=== Begin Enclosure ===

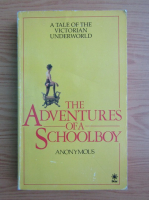 Anonymous - The adventures of a schoolboy 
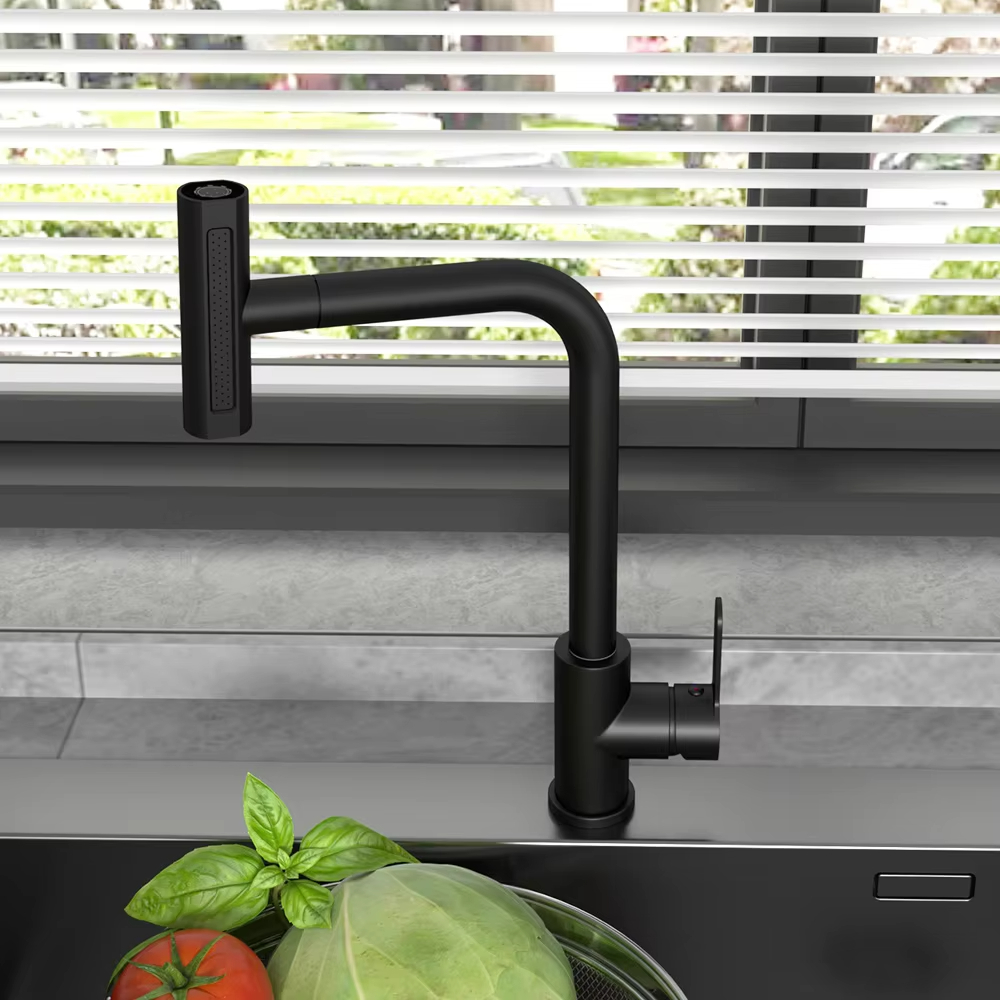 Schwarzer ausziehbarer Küchens – Commercial Kitchen Faucet Bewertung und Preis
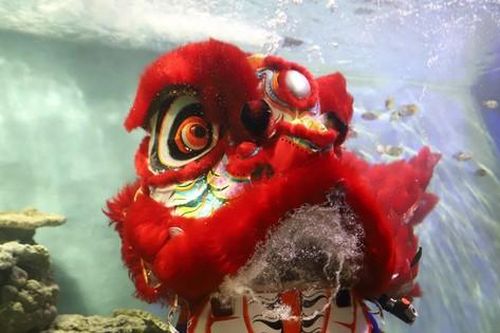 Đeo bình dưỡng khí múa lân dưới 'thủy cung' ở Nha Trang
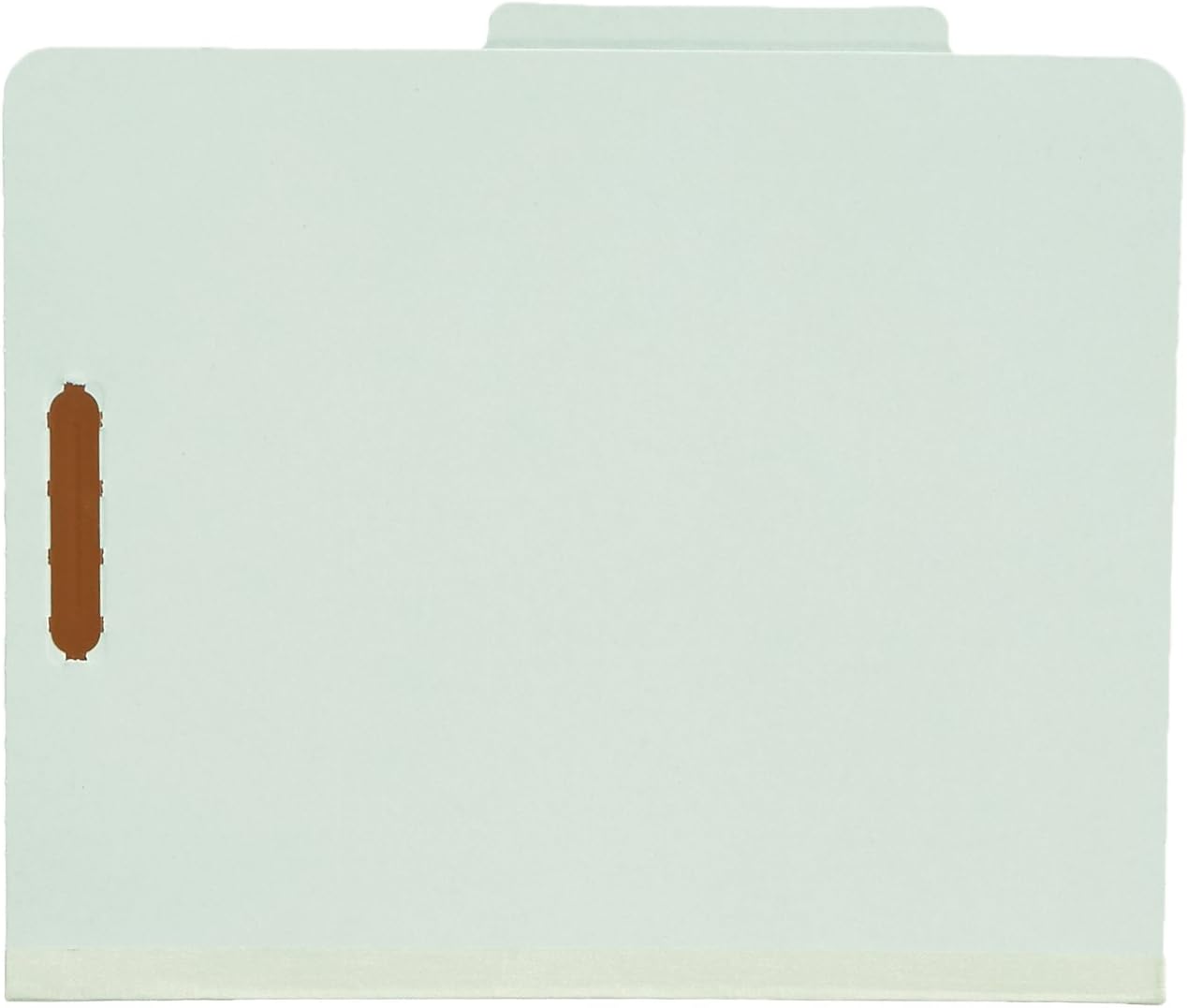  Basics Pressboard Classification File Folder with Fasteners, 2 Dividers, 2 Inch Expansion, Letter Size, Green, 10-Pack : Office Products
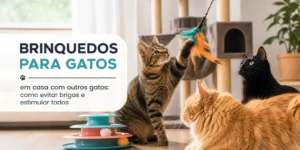 Gatos brincando com brinquedo em casa, evitando brigas
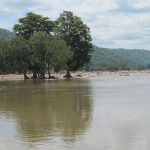Asian elephant, Bengaluru, brahminy kite, brown fish owl, Cauvery River, Cauvery Wildlife Sanctuary, climate change, Environment news, green imperial pigeon, grizzled giant squirrel, Indian paradise flycatcher, Karnataka, Mekedatu dam, mugger crocodiles, Nilgiri Biosphere Reserve, oriental darter, red velvet mite, signature spider, sloth bear, Water scarcity, water shortage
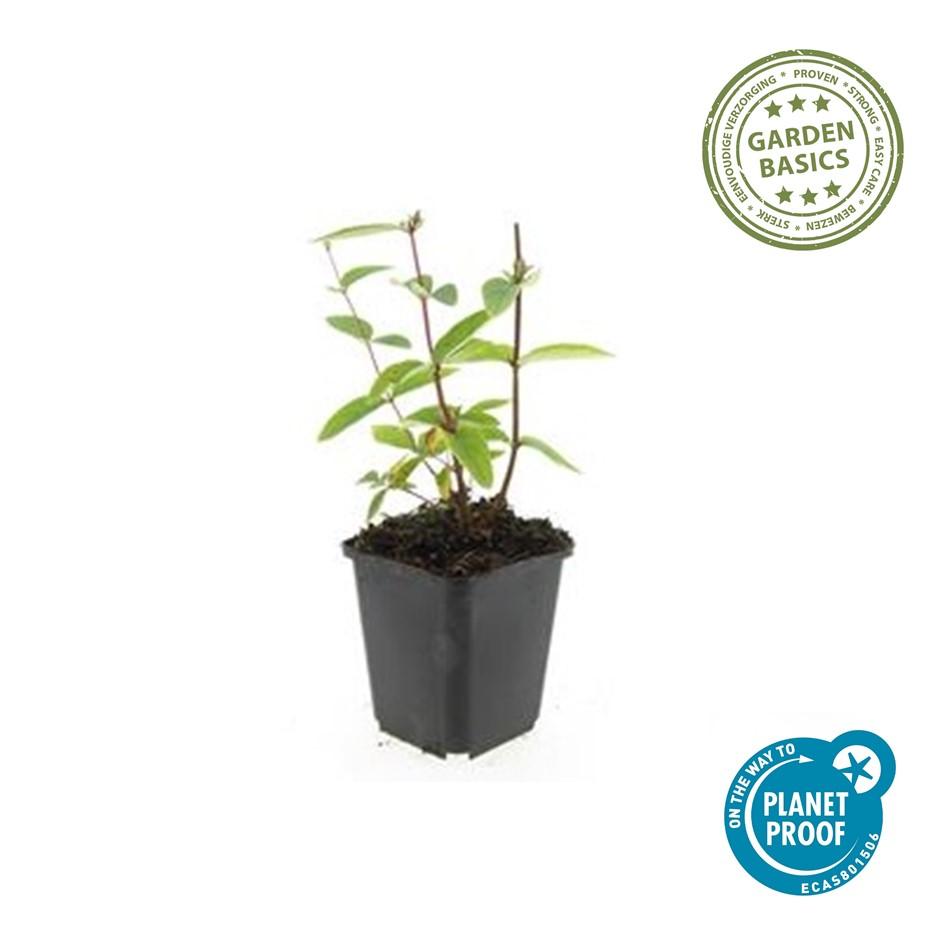 20x Hypericum inodorum 'Annebel' - ↕10-25cm - Ø9cm bei Pflanzfix24.de - Pflanzfix24.de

=== End Enclosure ===

Work instruction
Output the span from the line with "Asian elephant, Bengaluru, brahminy" through the last line of the data, inclusive and exact, and omit every picture.

Response box
Asian elephant, Bengaluru, brahminy kite, brown fish owl, Cauvery River, Cauvery Wildlife Sanctuary, climate change, Environment news, green imperial pigeon, grizzled giant squirrel, Indian paradise flycatcher, Karnataka, Mekedatu dam, mugger crocodiles, Nilgiri Biosphere Reserve, oriental darter, red velvet mite, signature spider, sloth bear, Water scarcity, water shortage
 20x Hypericum inodorum 'Annebel' - ↕10-25cm - Ø9cm bei Pflanzfix24.de - Pflanzfix24.de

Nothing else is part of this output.